234 Moreover, the Supreme Court providently exercised its discretion in denying the defendant's cross motion pursuant to CPLR 3126 to strike the complaint for the plaintiff's alleged failure to comply with court-ordered discovery. The drastic remedy of striking a pleading should not be imposed unless the failure to comply with discovery demands or orders was clearly willful and contumacious (see Arpino v. F.J.F. & Sons Elec. Co., Inc., 102 A.D.3d 201, 210, 959 N.Y.S.2d 74; Zakhidov v. Boulevard Tenants Corp., 96 A.D.3d 737, 739, 945 N.Y.S.2d 756; Commisso v. Orshan, 85 A.D.3d 845, 925 N.Y.S.2d 612). The willful and contumacious character of a party's conduct may be inferred from the party's repeated failure to comply with court-ordered discovery, and the absence of any reasonable excuse for those failures, or a failure to comply with court-ordered discovery over an extended period of time (see Tos v. Jackson Hgts. Care Ctr., LLC, 91 A.D.3d 943, 944, 937 N.Y.S.2d 629; Mangru v. Schering Corp., 90 A.D.3d 621, 933 N.Y.S.2d 897; Matone v. Sycamore Realty Corp., 87 A.D.3d 1113, 1114, 930 N.Y.S.2d 460).

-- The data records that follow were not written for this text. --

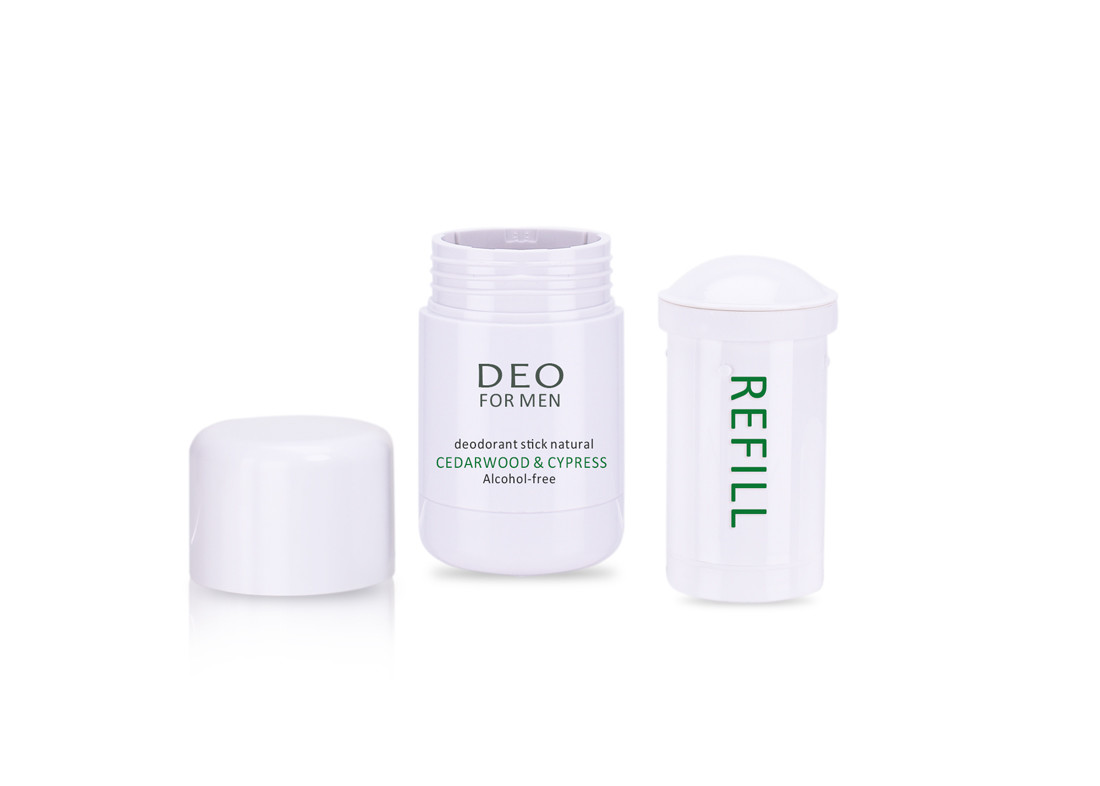 Wholesale Refillable 30g 50gPlastic Sunblock Deodorant Stick Packaging Roll On Stick Flat Round Plastic Deodorant Bottle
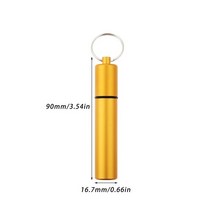 1PC 알루미늄 바느질 바늘 홀더 수납함 튜브 케이스 가죽 자 수 수선 컨테이너 키 체인 의학 상자, [02] gold 90mm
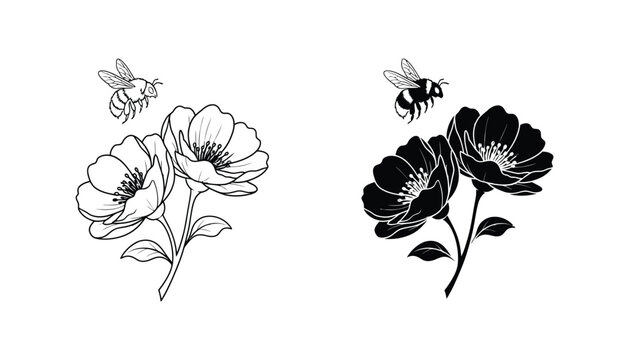 Beautiful blooming flowers with flying bumblebee vector illustration set featuring intricate outline and solid black silhouette designs for botanical art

Here, the plaintiff substantially complied with the defendant's notices for discovery, and made a good-faith effort to locate certain items requested by the defendant, even though it was unable to locate them. Under the circumstances of this case, there was no clear showing that the plaintiff's conduct was willful and contumacious (see Palmieri v. Piano Exch., Inc., 124 A.D.3d 611, 612, 1 N.Y.S.3d 315; Delarosa v. Besser Co., 86 A.D.3d 588, 589, 926 N.Y.S.2d 910; Prappas v. Papadatos, 38 A.D.3d 871, 872–873, 833 N.Y.S.2d 156).